Amara West 2016: the cemetery… from the Mesolithic to pyramids

Michaela Binder, Austrian Archaeological Institute

Pyramid tombs G321 (left) and G320 (right) in Cemetery D of Amara West

Pyramid tombs G321 (left) and G320 (right) in Cemetery D of Amara West

After eight seasons of excavations in the cemeteries of Amara West, we were done. As is usual in archaeology, those weeks in January and February 2016 were full of surprises, some pleasant and some not so much.

But let’s start from the beginning. Sticking to our plan set out at the start of the season, Sofie, Michelle and Mohamed Saad returned to the elite cemetery D to finish the excavation of three large pyramid tombs (G320, G321 and G322), which we had already excavated (superstructures and shafts) in 2015. Expectations were very high, having already discovered shabtis of Paser, Deputy of Kush, in tomb G320.

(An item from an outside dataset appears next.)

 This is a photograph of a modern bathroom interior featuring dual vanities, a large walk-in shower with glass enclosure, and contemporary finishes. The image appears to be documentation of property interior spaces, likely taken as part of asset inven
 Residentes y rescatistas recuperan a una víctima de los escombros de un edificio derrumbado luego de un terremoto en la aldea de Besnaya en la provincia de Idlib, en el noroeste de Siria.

A somewhat challenging work environment under the protective tables in the burial chambers

A somewhat challenging work environment under the protective tables in the burial chambers

Equipped with new safety installations to protect excavators in the funerary chambers carved into the friable schist bedrock, the aim for 2016 was to finally explore the content of those subterranean rooms. In G321, a tomb provided with a large 8x8m pyramid, the substructure proved to be heavily looted but nevertheless offered important insights into funerary culture at Amara West. Dating to the 20th Dynasty – based on the assemblage of vessels – its owners opted for an interesting mix of Egyptian (tomb architecture, Egyptian style pottery, scarabs) as well as local Nubian (funerary beds) elements in funerary ritual. This conforms well to observations already made in other parts of the cemetery, as well as in the town, and reveals that this trend was followed even amongst the most elite.

Unfortunately, no artefacts revealing the identity of the tomb owner were recovered. Nevertheless, based on the dimensions and location of the tomb it is safe to assume that the tomb’s owner would have been one of the most high-ranking officials at Amara West. The strong Nubian influence in the funerary equipment may further indicate that he was indeed local.

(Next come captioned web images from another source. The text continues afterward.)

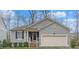 Charming single-story home with a two-car garage and landscaped front yard at 1600 Frog Hollow Way, Wake Forest, NC 27587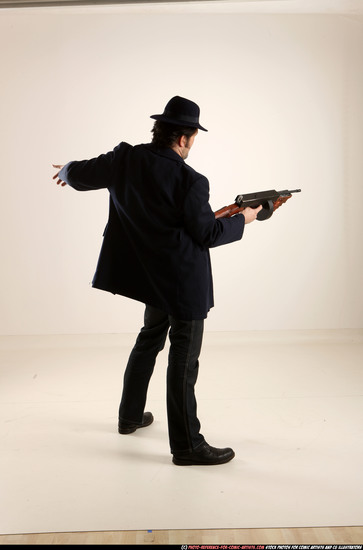 Man Old Average White Fighting with gun Standing poses Coat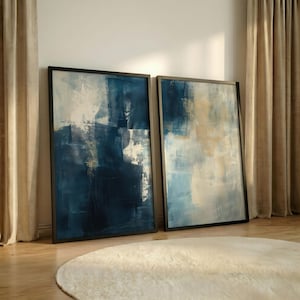 Könnte beinhalten: Zwei gerahmte abstrakte Kunstwerke. Das Kunstwerk zeigt eine Mischung aus tiefen Blautönen, Weiß und Gold, wodurch ein strukturierter, geschichteter Effekt entsteht. Die Rahmen sind schwarz, und die Kunst lehnt an einer Wand in der Nähe eines beigen Vorhangs und eines weißen Teppichs.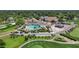 Aerial view of a clubhouse with a pool, cabana, and golf cart parking near a sprawling green golf course at 8157 Hidden Hills Dr, Spring Hill, FL 34606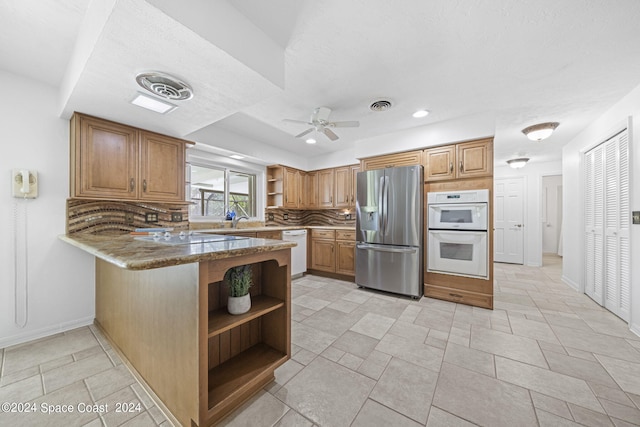 kitchen featuring ceiling fan, dark stone counters, tasteful backsplash, kitchen peninsula, and white appliances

Despite its small, unassuming entrance, tomb G322 turned out to be the most rewarding of the three tombs. Even though it had also been looted in antiquity, four burials and the base of a wooden coffin decorated with painted plaster were recovered intact form the first of the three burial chambers. This chamber also held an assemblage of over 20 complete vessels, including some a Canaanite amphora imported from the Levant. All these vessels indicate that the tomb was constructed in the early 19th Dynasty, early in the history of the town Amara West. Most importantly however, the northern burial chamber held part of shabti with the name of Ibay. Who he was and what his function at Amara West was remains yet unclear but based on size, location and wealth of his tomb he would have certainly been high up in the provincial administration of Kush (Upper Nubia).

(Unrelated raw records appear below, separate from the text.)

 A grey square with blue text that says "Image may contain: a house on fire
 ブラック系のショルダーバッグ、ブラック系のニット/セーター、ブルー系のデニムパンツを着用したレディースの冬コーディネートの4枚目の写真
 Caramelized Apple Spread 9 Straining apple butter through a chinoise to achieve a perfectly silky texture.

The tomb that had yielded shabtis of Paser, G320, unfortunately frustrated us. The ceiling of the substructure, located 7, below the surface, was fully collapsed. The large boulders in the entrance and cracks in the still intact rock above the chambers proved too large an obstacle and acted as a reminder of the dangers of the unstable schist bedrock. Consequently, excavation was impossible.

Burial mounds of G250 in Cemetery C with settlement of Amara West in the background

Burial mounds of G250 in Cemetery C with settlement of Amara West in the background

On the plus side, the early end of excavation in G320 gave us time to excavate two tombs, G250 and G251, in an unexplored area of Cemetery C. Located on the escarpment east of the cemetery were two isolated and small burial mounds, conforming in size and architecture to other examples in Cemeteries C and D. However, in contrast to the tombs in Cemetery C, both had rock-cut substructures. In the case of G250, it consisted of a sizable rectangular shaft similar to our post-New Kingdom niche burials, even though a niche itself was missing. Nevertheless, the location, size and rock-cut nature signify a special position of the person buried in tomb at some point during the 10th-9th centuries BC.

The second tomb – G251 – turned out to somewhat different. The pottery is fascinating – it includes “Khartoum Variant” (Mesolithic; 6000-4500 BC) sherds, but also forms that might be of C-Group, Pre-Kerma or Kerma (3000-1600 BC). Clearly a burial that long pre-dates the Ramesside occupation at Amara West, further research is needed to clarify at what date the tomb was constructed, and if some of the pottery (the Mesolithic) was recycled from nearby occupation sites.

A magical place: one of the many great sunrises over the Nile at Amara West

A magical place: one of the many great sunrises over the Nile at Amara West

Here ends our excavation project in the cemeteries of Amara West: analysis, interpretation and publication lies ahead. It is very sad for me to say good bye to this magical place for now, but they say “who once drank from the Nile will always come back”.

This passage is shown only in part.